Image-text web data
------------------------

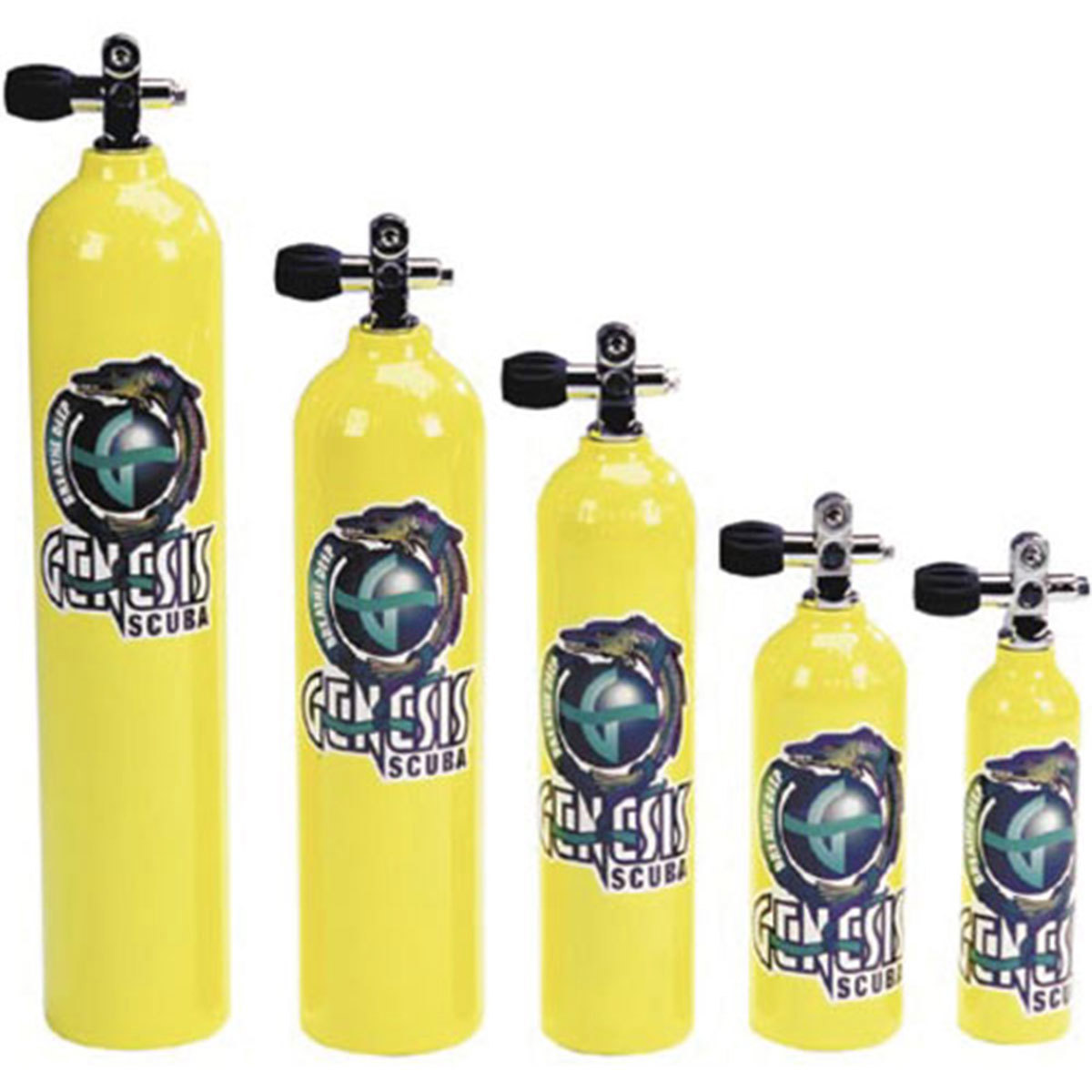 Catalina Pony Bottle Tanks with Pro Valve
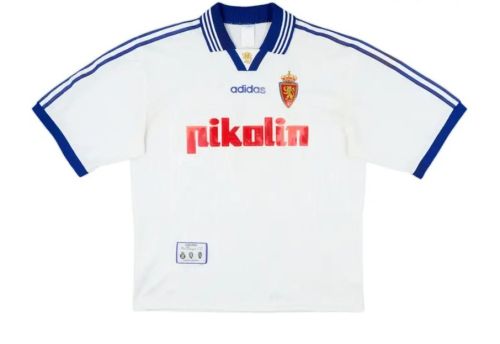 Real Zaragoza 1998-99 Home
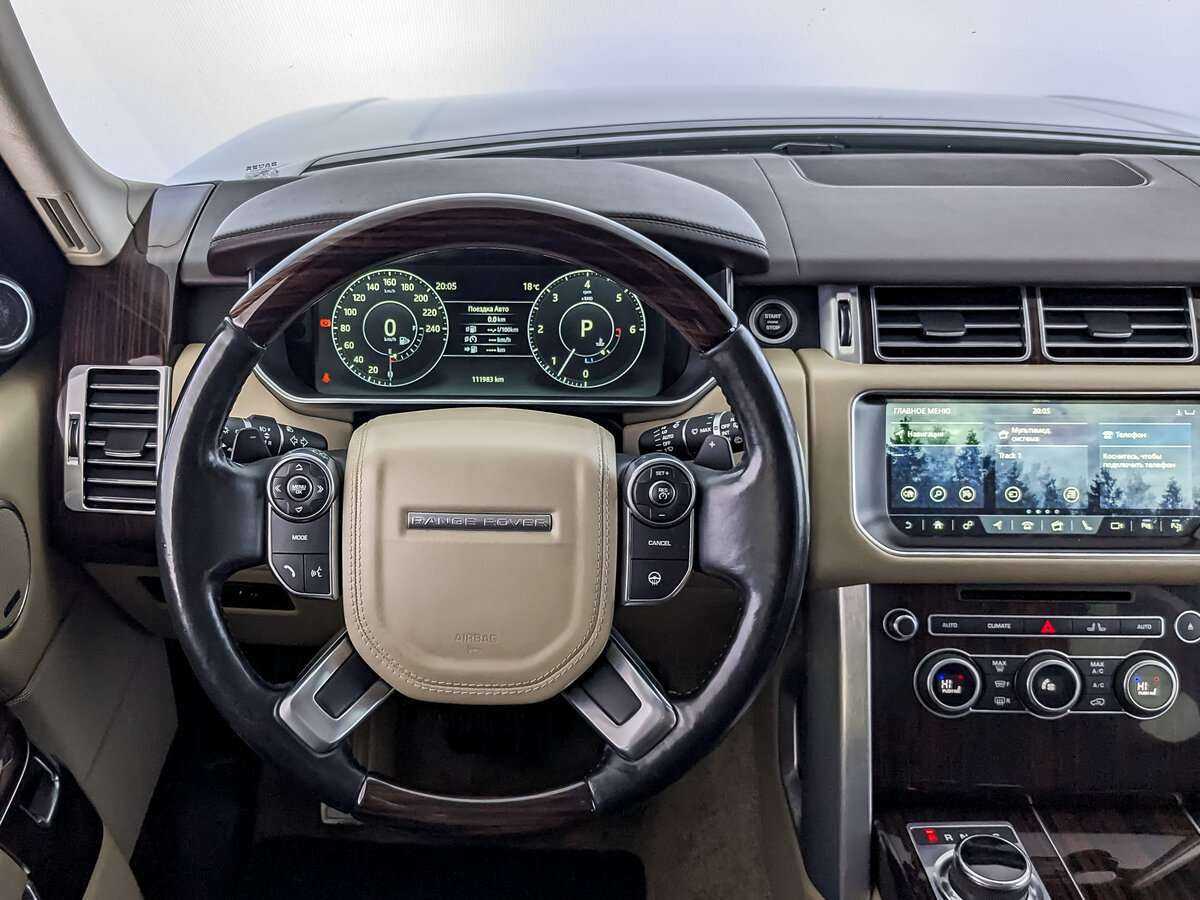 Купить Land Rover Range Rover с пробегом. Фото: #18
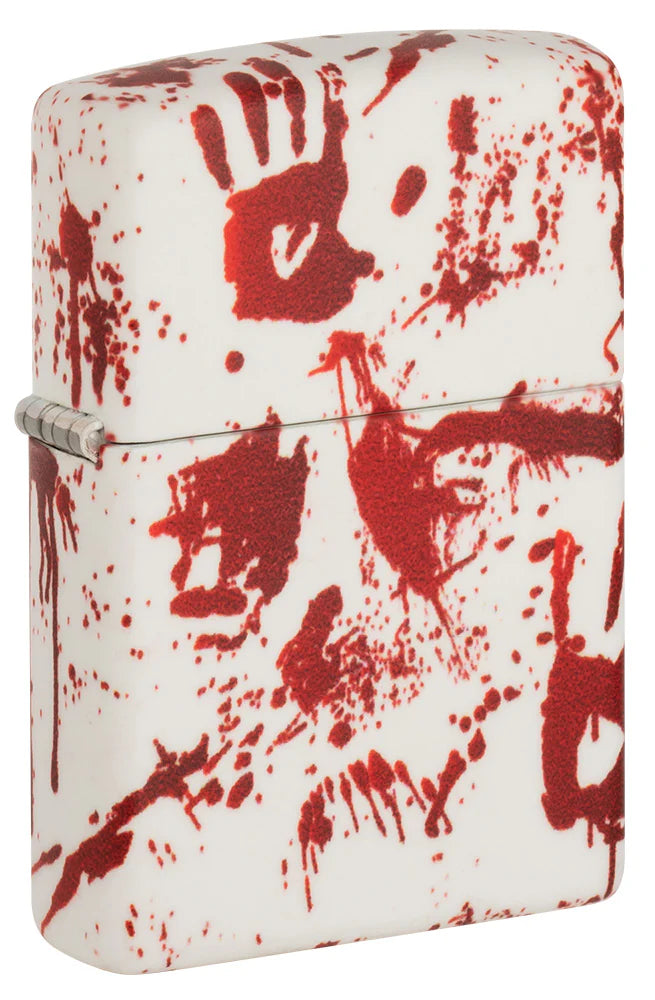 Zippo Lighter $41.95 - Bloody Skull Hands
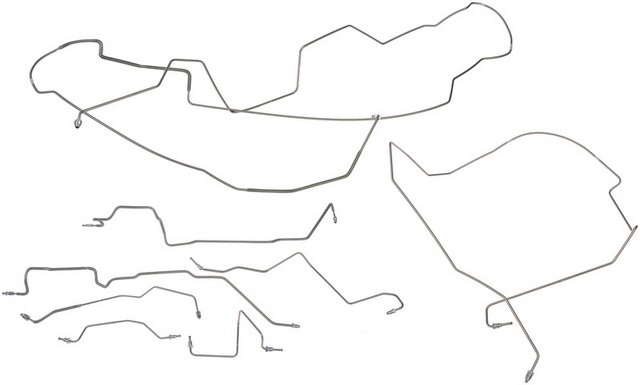 Brake Hydraulic Line Kit fits 2002 Dodge Dakota  DORMAN OE SOLUTIONS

------------------------

● Activity:
Omit all pictures and repeat the rest of the records verbatim.

● Final answer:
 Catalina Pony Bottle Tanks with Pro Valve
 Real Zaragoza 1998-99 Home
 Купить Land Rover Range Rover с пробегом. Фото: #18
 Zippo Lighter $41.95 - Bloody Skull Hands
 Brake Hydraulic Line Kit fits 2002 Dodge Dakota  DORMAN OE SOLUTIONS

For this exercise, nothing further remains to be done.